Completely unaware of what a disgusting sight he was to behold, Dean paused mid-chew to attempt a salacious wink and smile at a couple of women who stiletto'd by as the brothers ate outside of Joe's pizza in Manhattan. Sam could only assume the look of revulsion they threw at his brother was currently mirrored on his own face as they stood eating. Dean's food-mangled, "Hello Ladies!" was accompanied by a chunk of half-devoured pizza, which spewed forth as if to grab the females as they hurried away.
Looking surprised at the reaction, but not at all put-out, Dean simply shrugged and continued to shovel his second favourite kind of pie down his gullet.
Noticing Sam had only eaten half of his first piece while he had almost finished his second, Dean spoke up, "You don't like the pizza?"
"You are disgusting."
"What?"
"You're like a pig eating slop. A pig with the unholy ability to unhinge his jaw and hoover the whole world down his throat as it tries to escape the gravitational pull of his stomach."
Dean frowned and looked down at himself and his remaining bit of pizza, "So..you like the pizza?"
Sam exasperated, "Dude!"
"Sammy, you should know by now that your primadonna routine is wasted on me." He once again focused on Sam's food, "If you don't start eating your hard-earned free pizza within the next two seconds, its automatically forfeit to my slop bucket."
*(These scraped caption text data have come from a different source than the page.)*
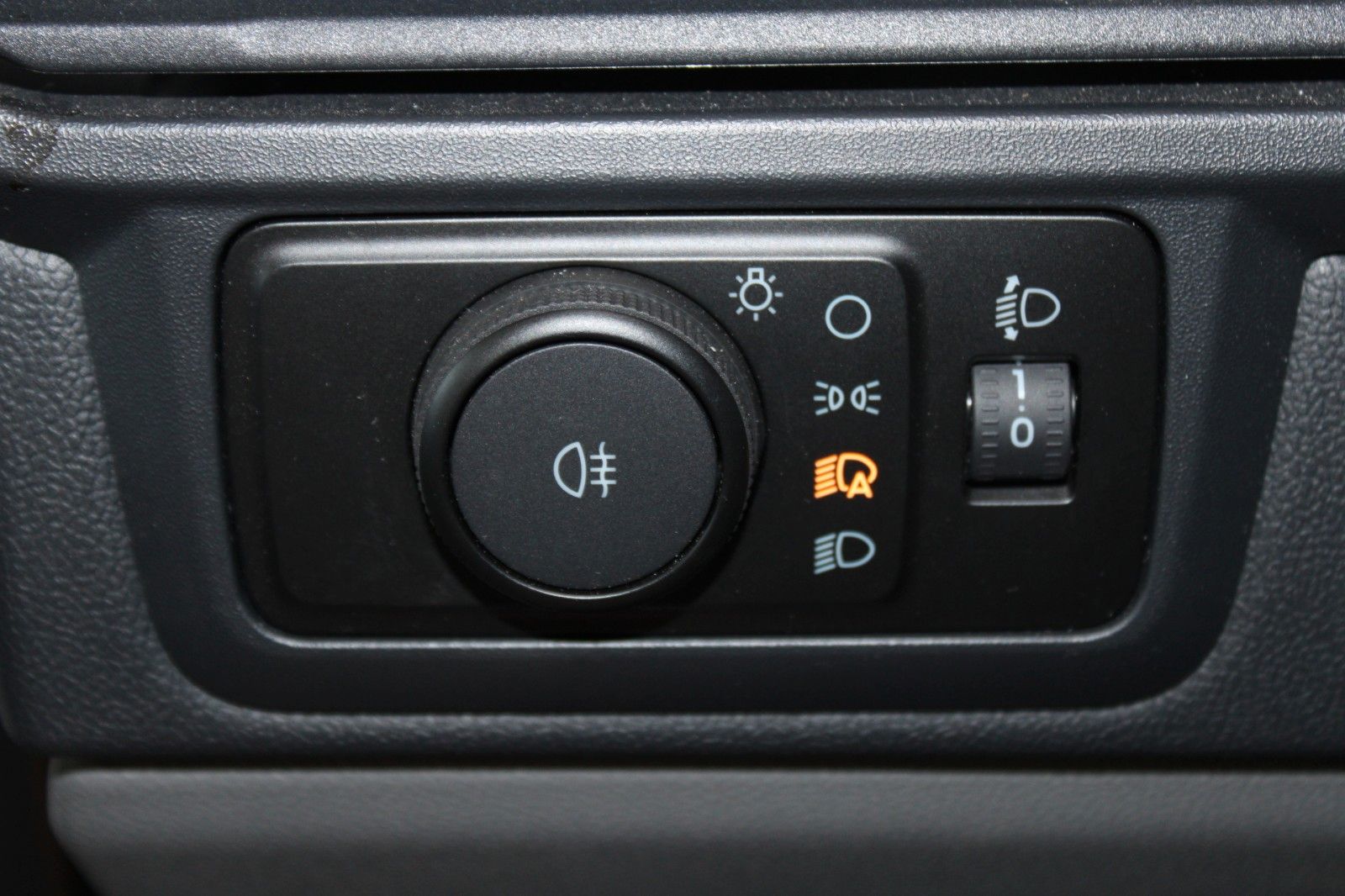 Fahrzeugabbildung Ford Transit Custom L1 TREND LED TechnologiePak2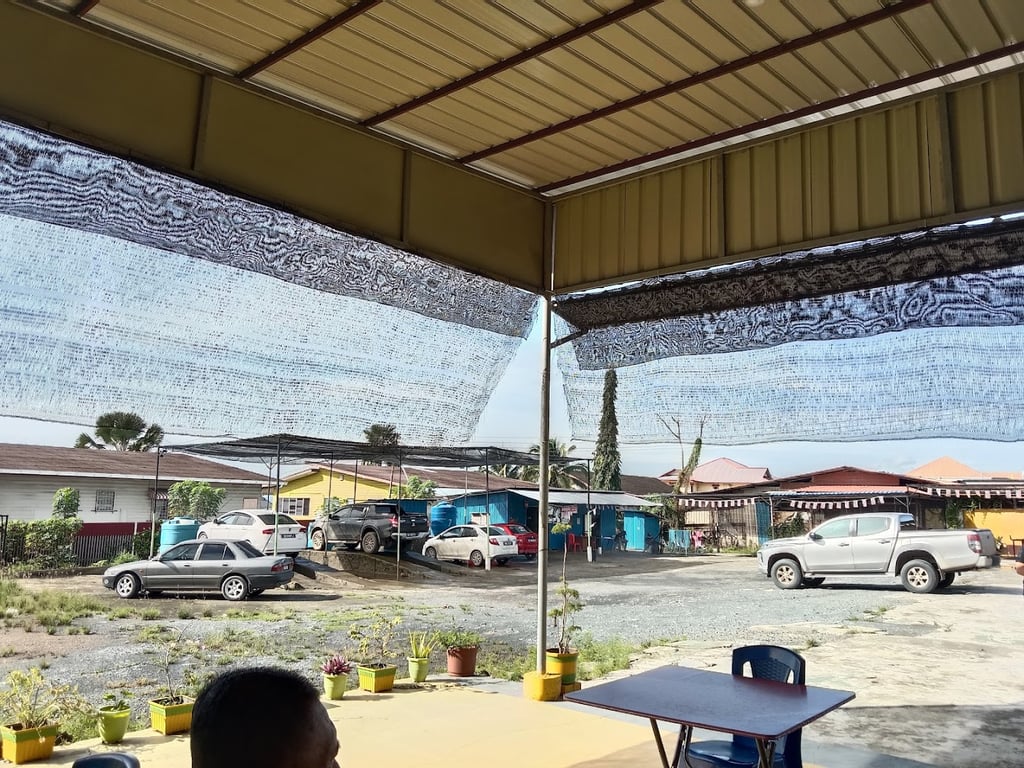 DAMAI CAR WASH & CAFE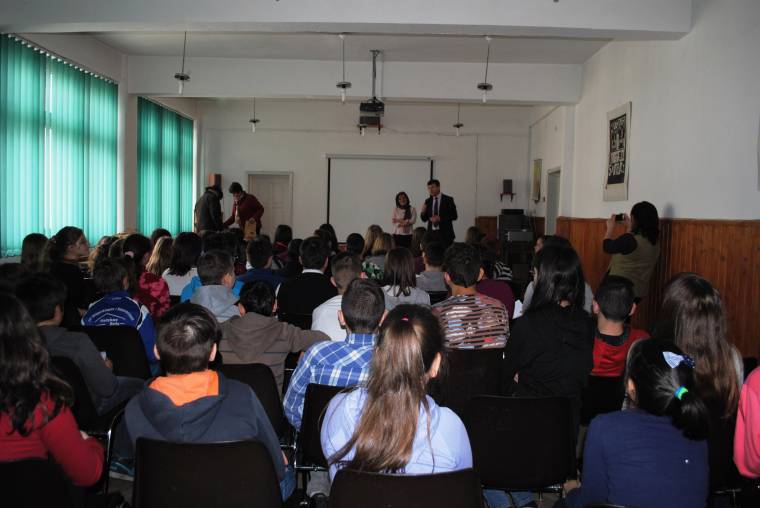 Csíkszeredai diákok kaptak vetőmagot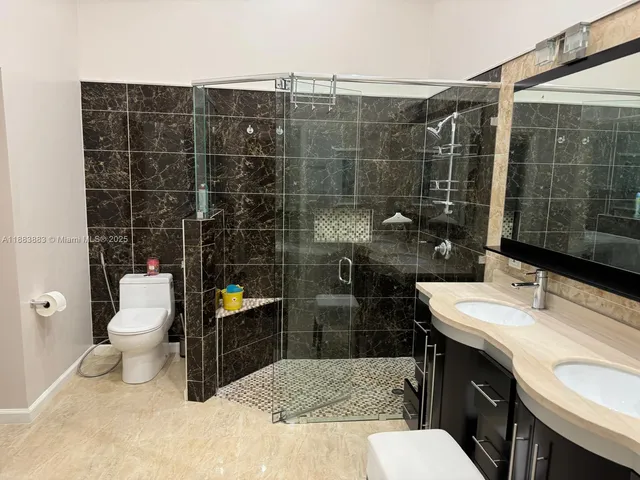 $4,300 | 18864 Northwest 89th Court, Unit 18864, Hialeah, FL 33018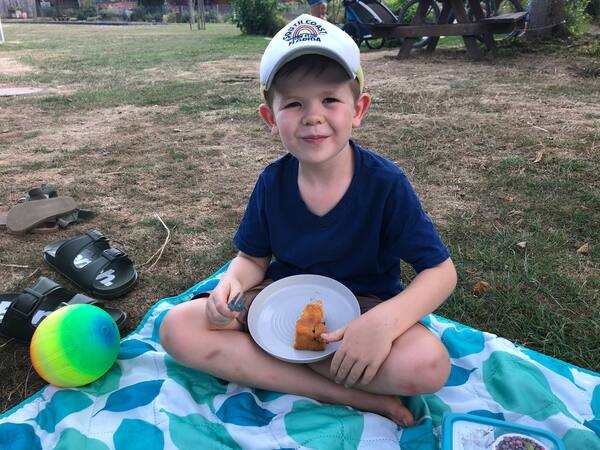 Henri beim Picknick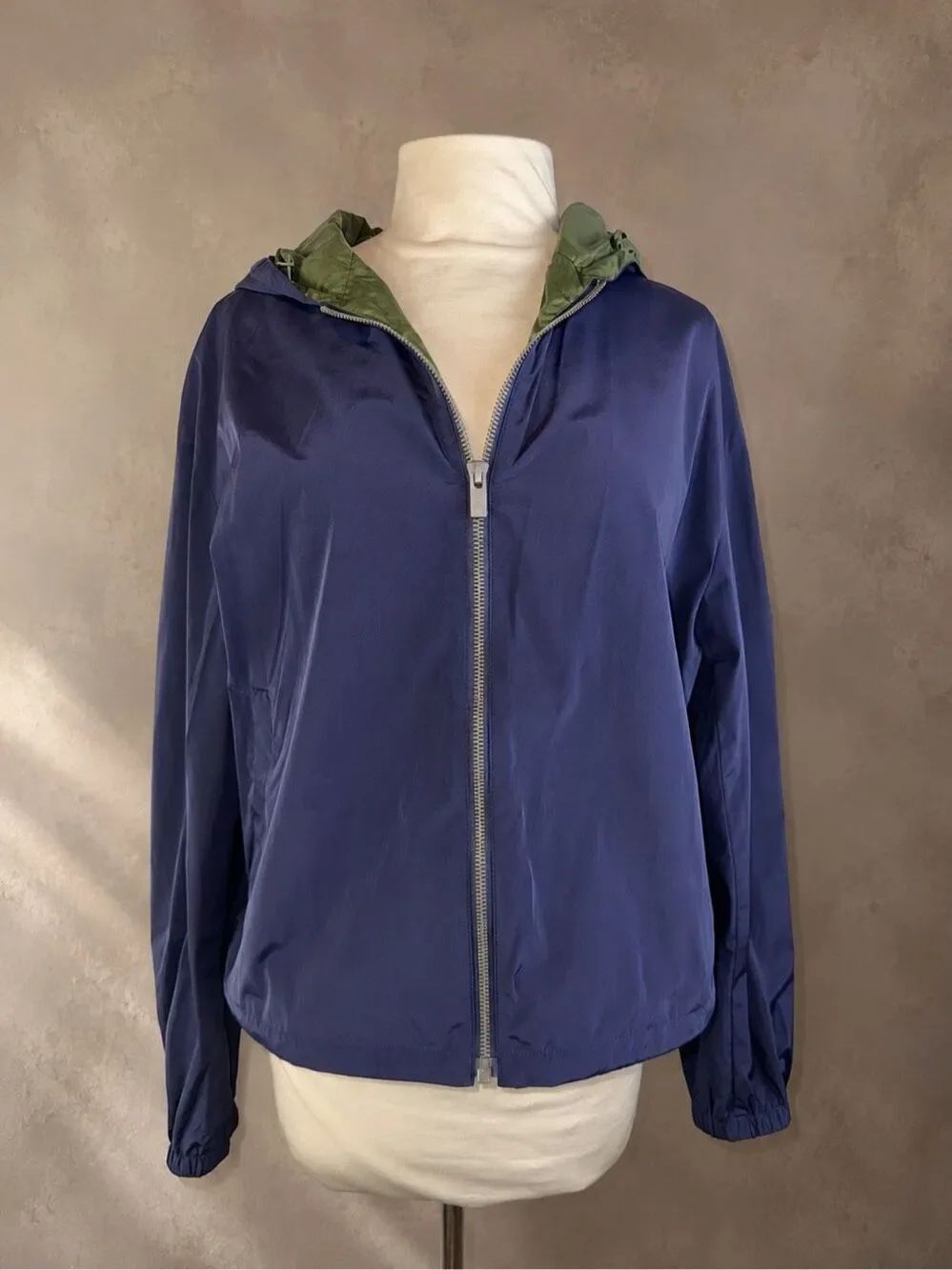 Uniqlo x JW Anderson M Water-Repellent Hooded Windbreaker Rain Jacket Blue Nylon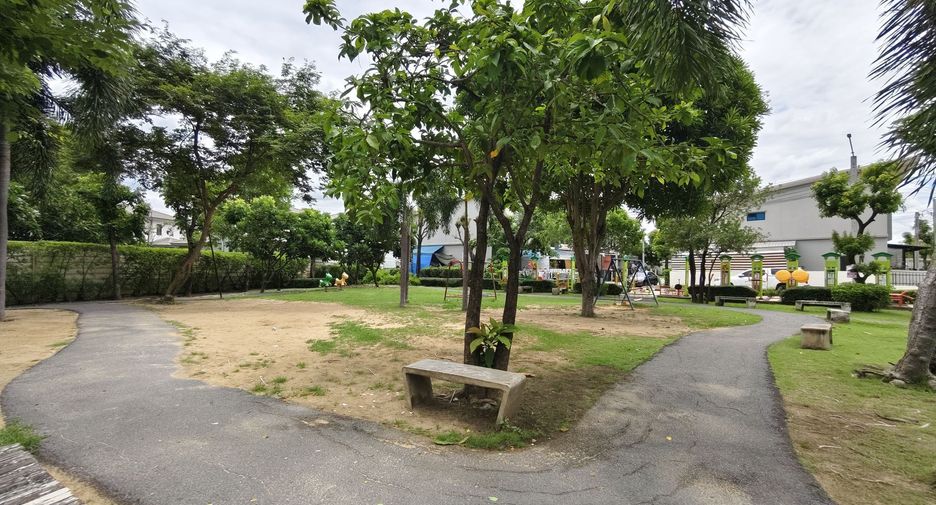 Reihenhaus zum Kauf mit 2 Zimmer in Phra Samut Chedi, Samut Prakan
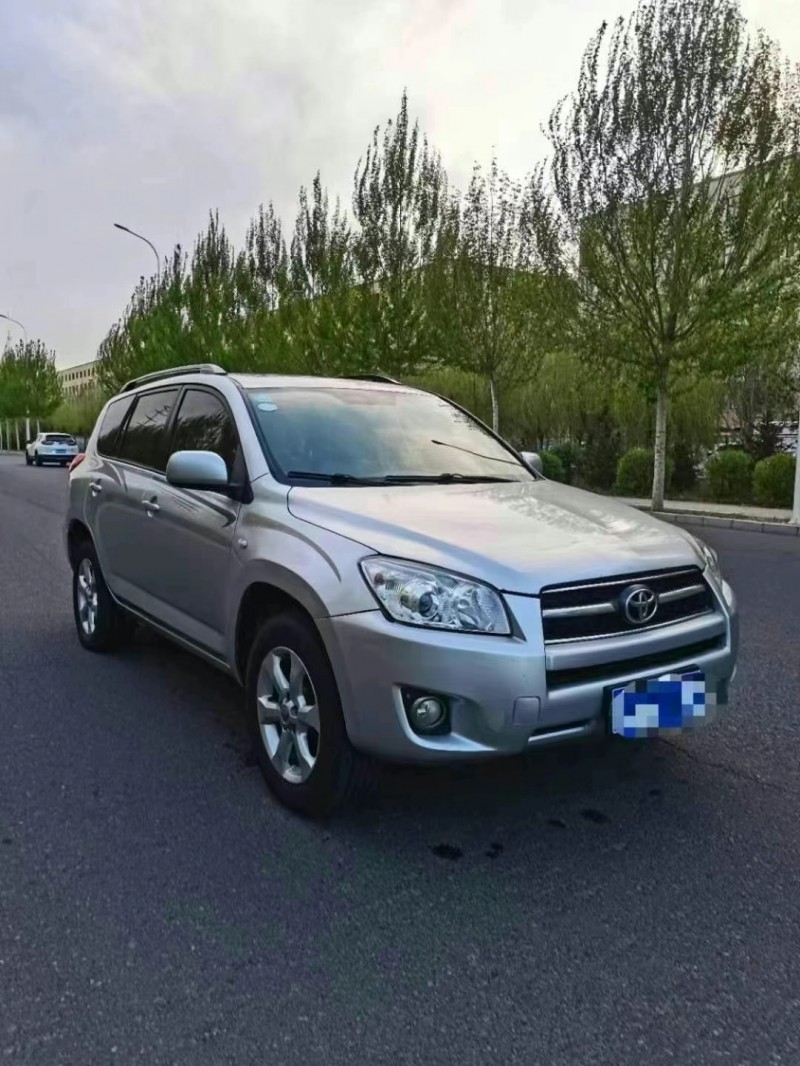 通遼11年豐田RAV47
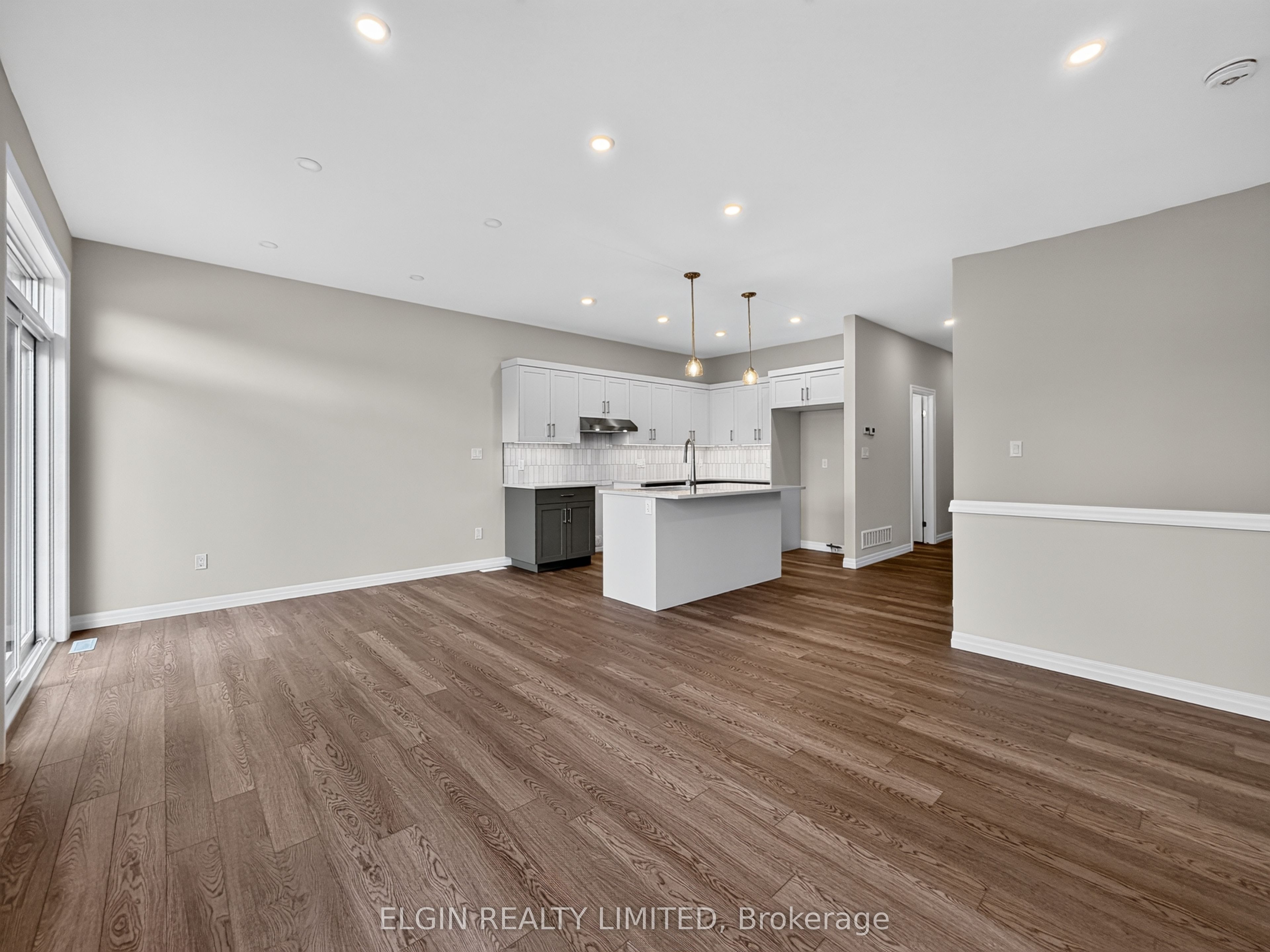 4 Thomas Court Property Photo 18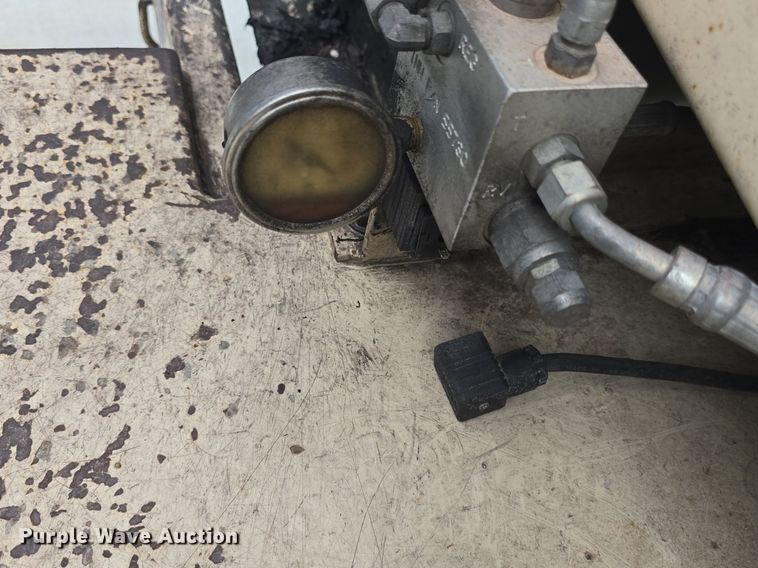 image for item EK6312 2012 Finn BB30218 bark blower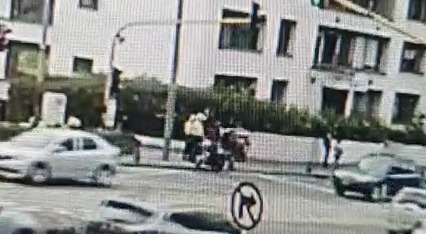 Video: Momento exacto cuando disparan a policía Edwin Caro en Bogotá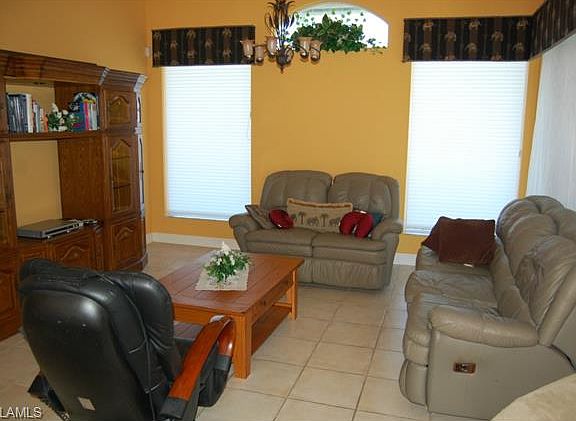 3rd image of 483 Nassau Ct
Sam let out a distressed sound as he tightened his hold on his plate and moved back a few paces out of Dean's reach. "Stay away! Just because I prefer to savour my food like an actual person instead of guzzling it down like an animal, doesn't mean you can steal it."
Sam was about to take another bite when the screaming began.
"Well, that was friggin' horrible."
Sam tiredly rubbed a hand over his face and took a deep breath, "Yeah."
Bending down to retrieve the iron rod he had dropped during his fight with Edward, Dean continued, "I don't know, man, shouldn't we be desensitized or some shit to burning monsters by now?"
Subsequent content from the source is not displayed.